---- GIVEN DATA
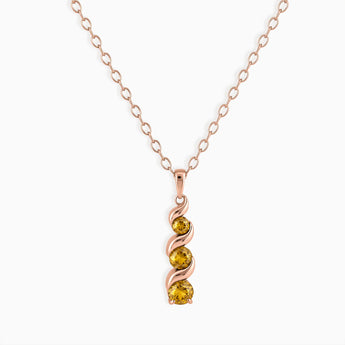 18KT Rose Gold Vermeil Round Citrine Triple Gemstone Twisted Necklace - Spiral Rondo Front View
--------
---- GIVEN DATA
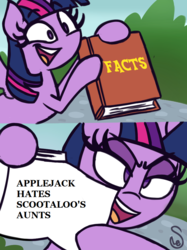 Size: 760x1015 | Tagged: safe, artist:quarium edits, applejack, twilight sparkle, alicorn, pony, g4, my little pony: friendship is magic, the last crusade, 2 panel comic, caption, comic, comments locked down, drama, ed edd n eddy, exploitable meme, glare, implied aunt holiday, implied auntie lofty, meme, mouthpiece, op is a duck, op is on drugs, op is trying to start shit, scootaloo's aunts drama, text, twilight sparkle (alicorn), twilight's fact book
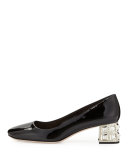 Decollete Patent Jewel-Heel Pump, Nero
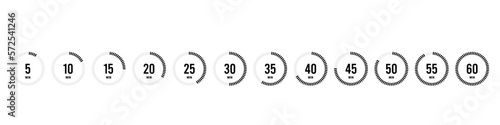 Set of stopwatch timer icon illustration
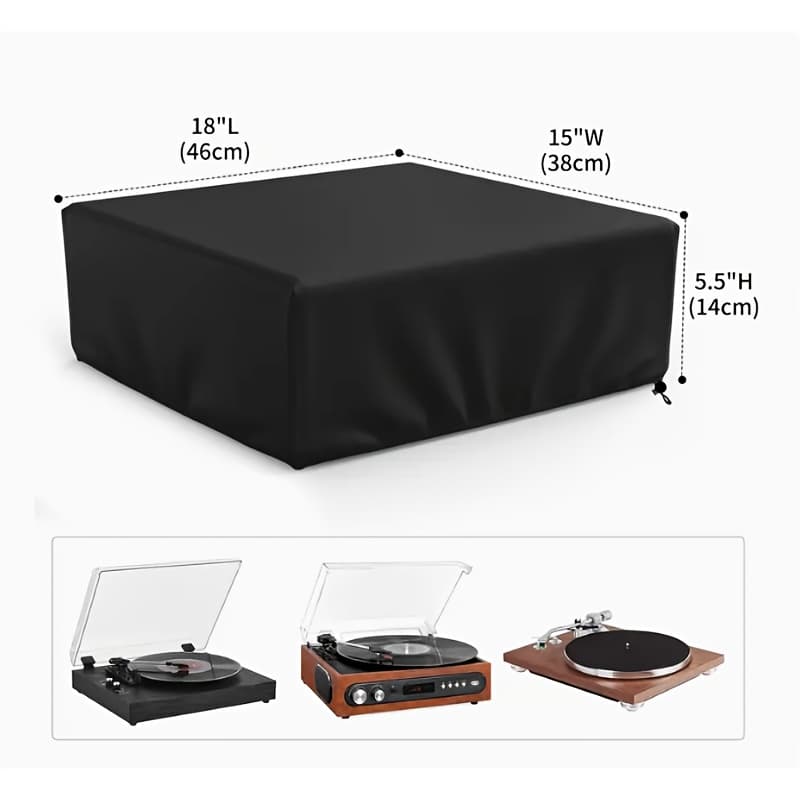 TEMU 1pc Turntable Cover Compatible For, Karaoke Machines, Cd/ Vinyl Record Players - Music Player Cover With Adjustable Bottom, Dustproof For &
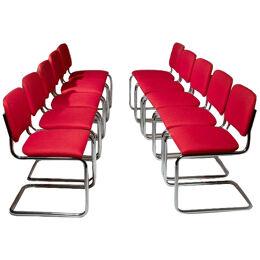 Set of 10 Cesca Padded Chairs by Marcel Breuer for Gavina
--------
** TASK ITEM **
Excerpt from the records above: set down only the lines from the one that contains "Size: 760x1015 |" through the one that contains "Set of stopwatch timer icon illustration", inclusive, word for word. Pictures stay out.

** RESPONSE FOR THIS EXERCISE **
 Size: 760x1015 | Tagged: safe, artist:quarium edits, applejack, twilight sparkle, alicorn, pony, g4, my little pony: friendship is magic, the last crusade, 2 panel comic, caption, comic, comments locked down, drama, ed edd n eddy, exploitable meme, glare, implied aunt holiday, implied auntie lofty, meme, mouthpiece, op is a duck, op is on drugs, op is trying to start shit, scootaloo's aunts drama, text, twilight sparkle (alicorn), twilight's fact book
 Decollete Patent Jewel-Heel Pump, Nero
 Set of stopwatch timer icon illustration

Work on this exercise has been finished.